Question

A B-tree of minimum degree \( t \) can have a maximum of _________ pointers in a node.

• A. \( t - 1 \)
• B. \( 2t - 1 \)
• C. \( 2t \)
• D. \( t \)

Hint:

In a B-tree of minimum degree \( t \):
- Maximum keys per node: \( 2t - 1 \).
- Maximum child pointers per node: \( 2t \).

Answer 1

The Correct Option is C

Step 1: Understanding B-Trees
- A B-tree is a self-balancing search tree that maintains sorted data for efficient insertion, deletion, and search operations.
- The minimum degree \( t \) of a B-tree defines the minimum number of children a node can have.

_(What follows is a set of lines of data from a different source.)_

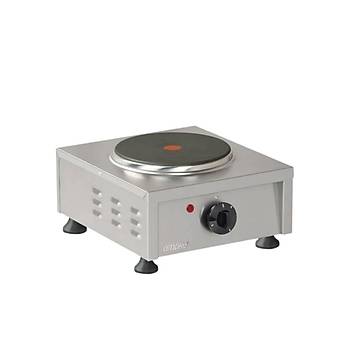 Omake Tekli Pleyt Ocak Set �st� Elektrikli 27x33x17 Cm Omk.OCK02.E11.0001.Z5F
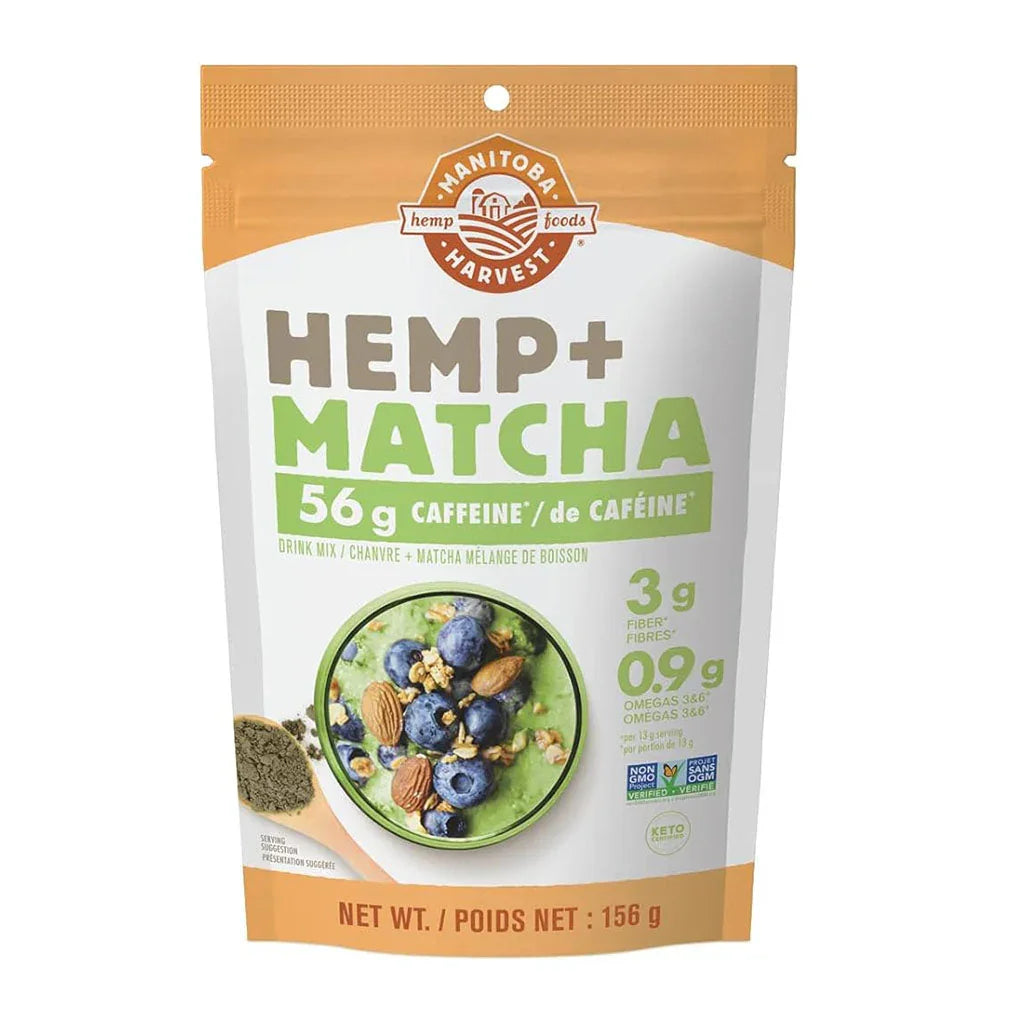 hemp+ matcha Manitoba Harvest - La Boite à Grains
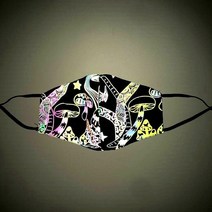 1+1 라이딩마스크 빛반사 야광 특이한 골프 스포츠 마스크 콘서트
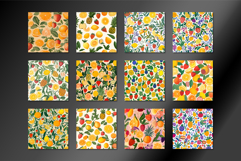 Colorful Fresh Fruit Seamless Pattern Product Image 2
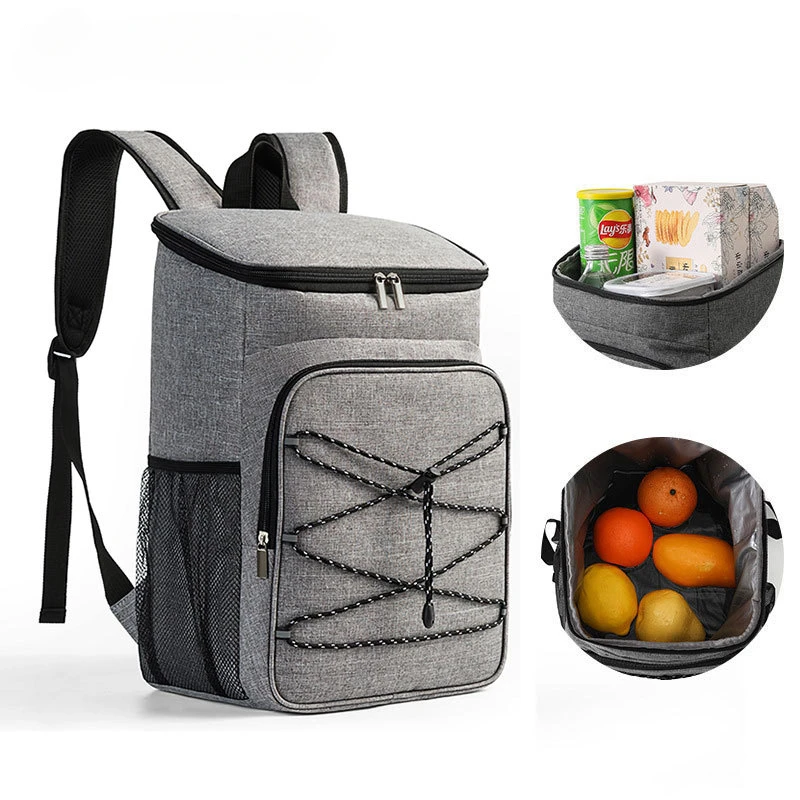 23L Outdoor Storage Bag Camping Picnic Travel Oxford Cloth Large Capacity Bag Backpack Camping Accessories
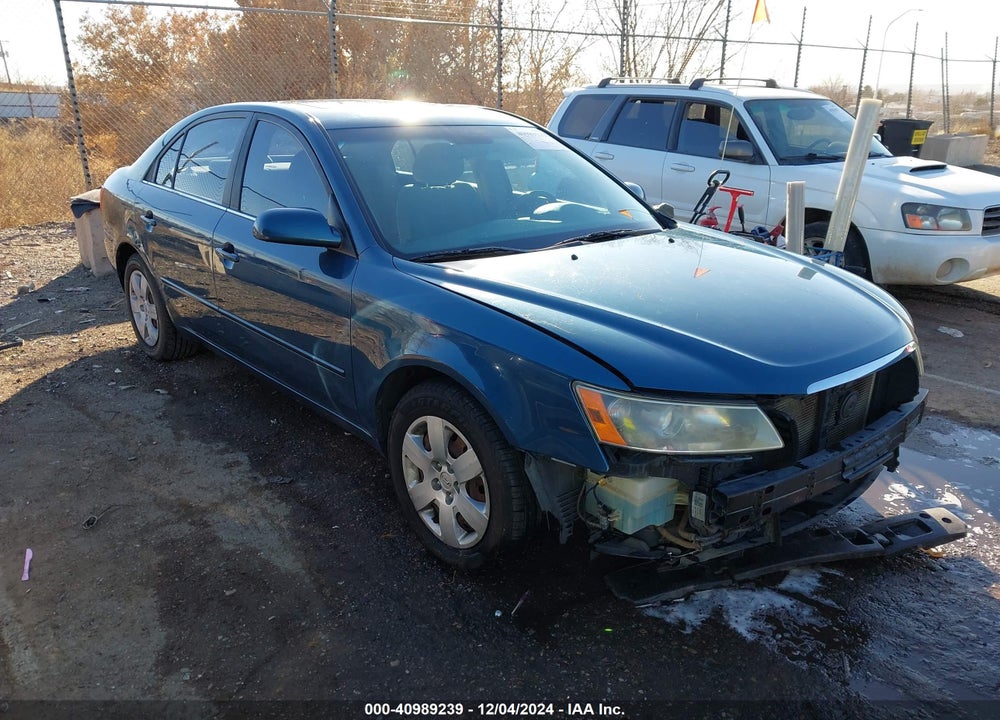 2007 HYUNDAI SONATA GLS VIN: 5NPET46C17H214918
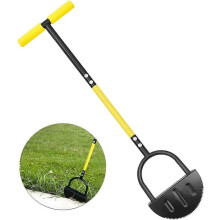 Kantenschneider aus Stahl für Rasen und Garten, 41 Zoll Halbmond mit Kantenschneider-Stahlklinge und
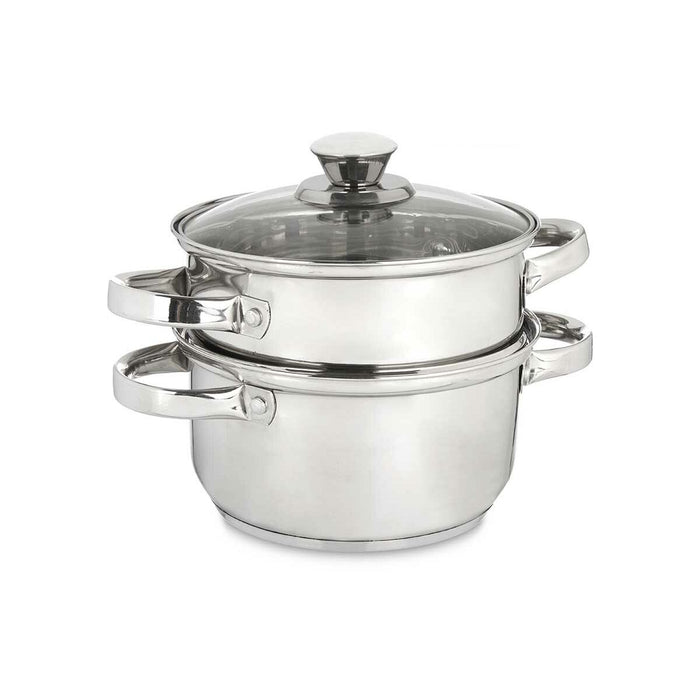 Steamer cu caserolă Oțel inoxidabil 1,8 L 24,5 x 14 x 18 cm (6 Unități)
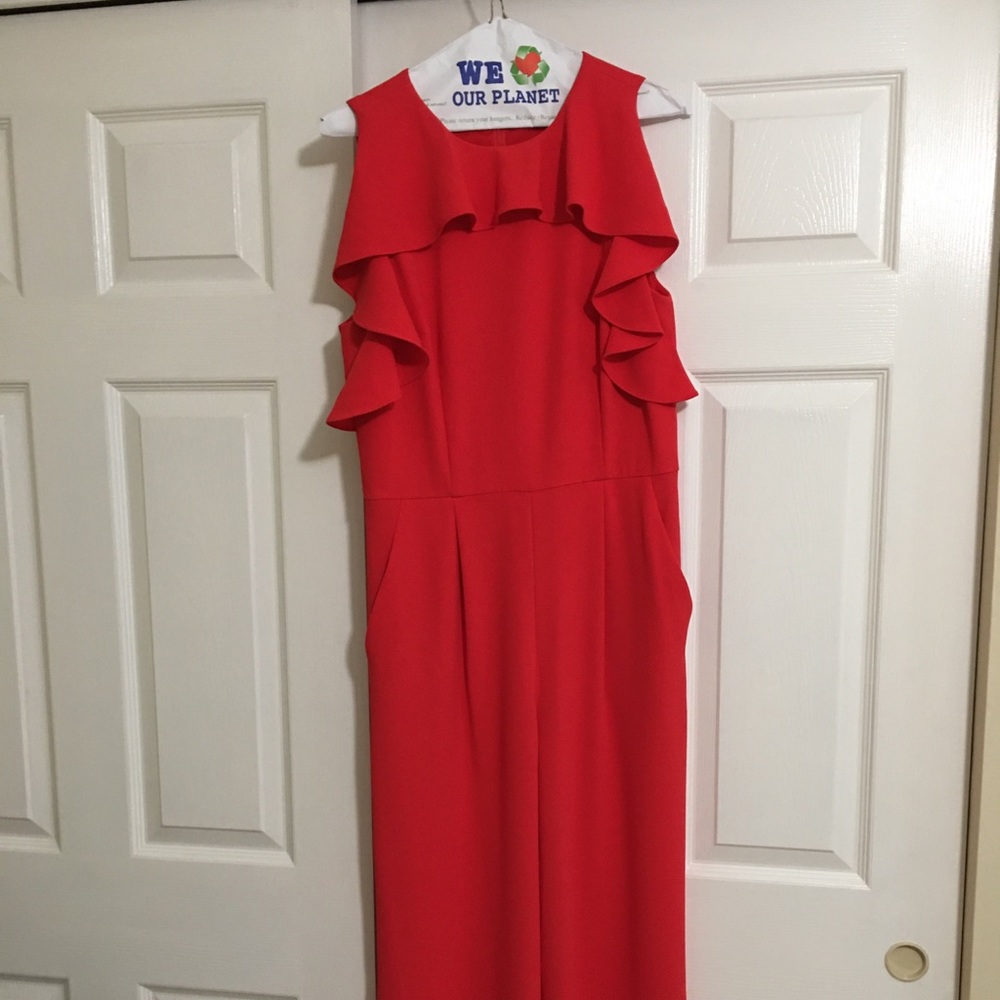 Antonio Melani blood orange jumpsuit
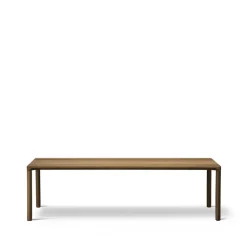 Table basse Piloti 6715, Chêne fumé-hauteur 35 cm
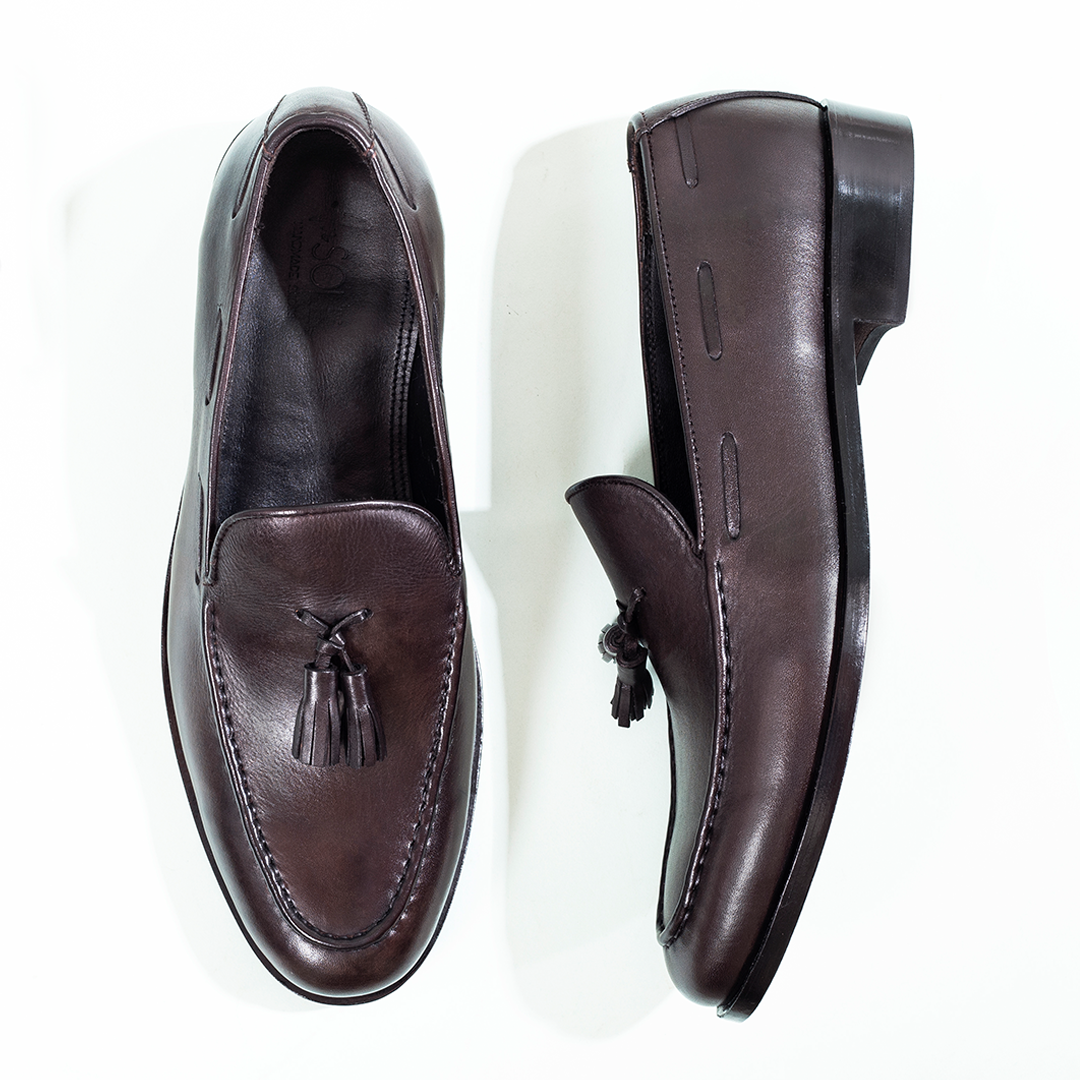Tussel brown loafer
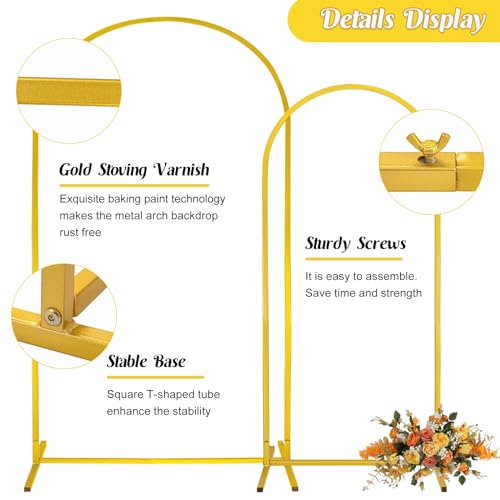 Soporte para Arco de Boda con Cover Spandex Cameo Brown miniatura 3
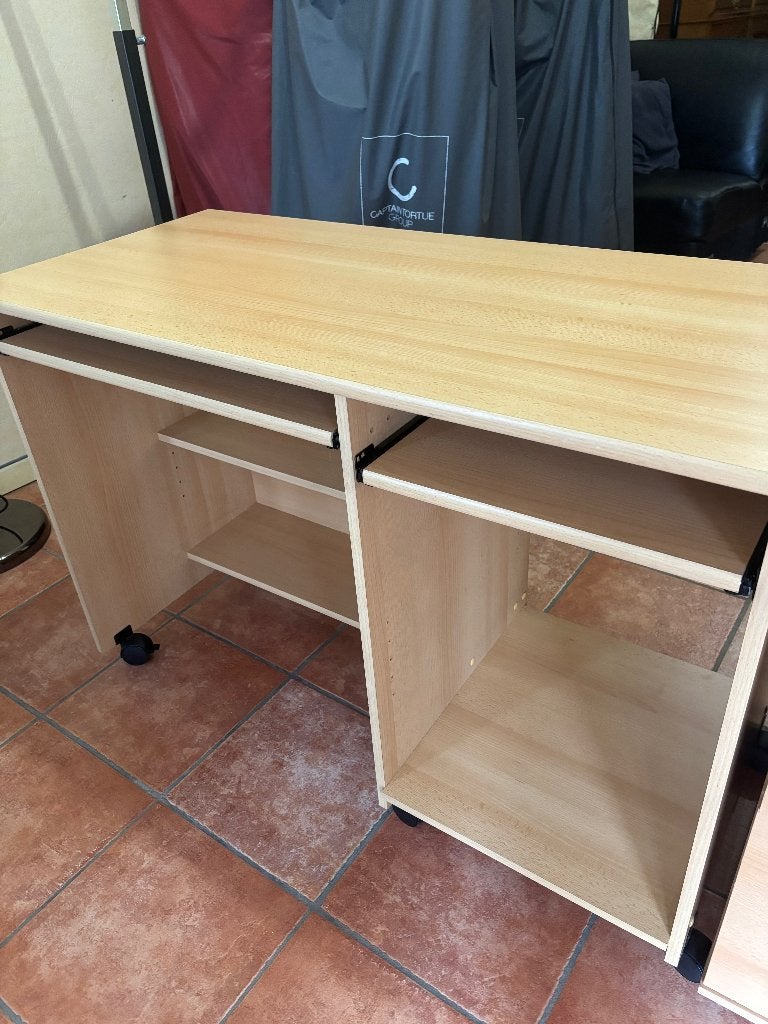 Bureau + caisson à tiroir, Enlèvement, Utilisé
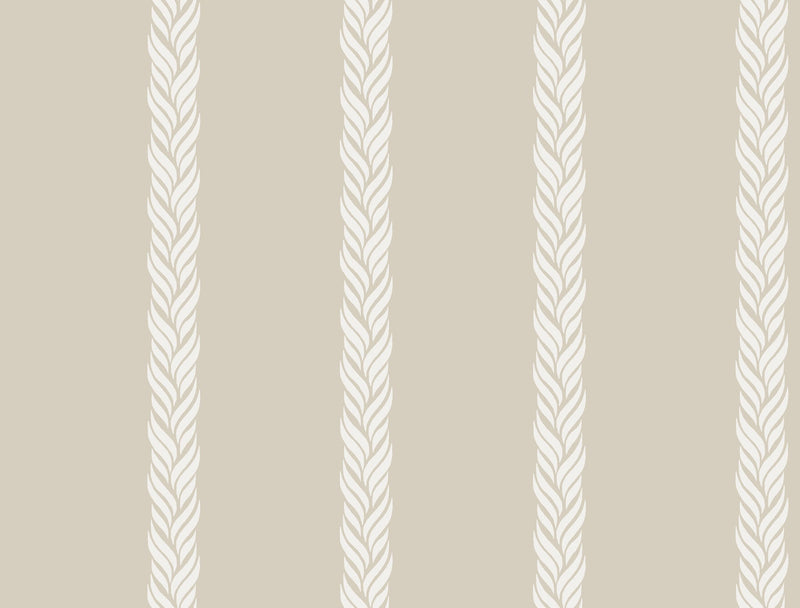 GT4544 Braided Stripe Beige Classics Wallpaper by York Wallcoverings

Step 2: Maximum Number of Pointers in a Node
- A node in a B-tree of minimum degree \( t \) can have:
- At most \( 2t - 1 \) keys.
- At most \( 2t \) children (pointers to subtrees).
Step 3: Evaluating the Options
- (A) Incorrect: \( t - 1 \) is the minimum number of keys, not pointers.
- (B) Incorrect: \( 2t - 1 \) is the maximum number of keys, not pointers.
- (C) Correct: \( 2t \) is the maximum number of child pointers a node can have.
- (D) Incorrect: \( t \) is the minimum number of child pointers in an internal node.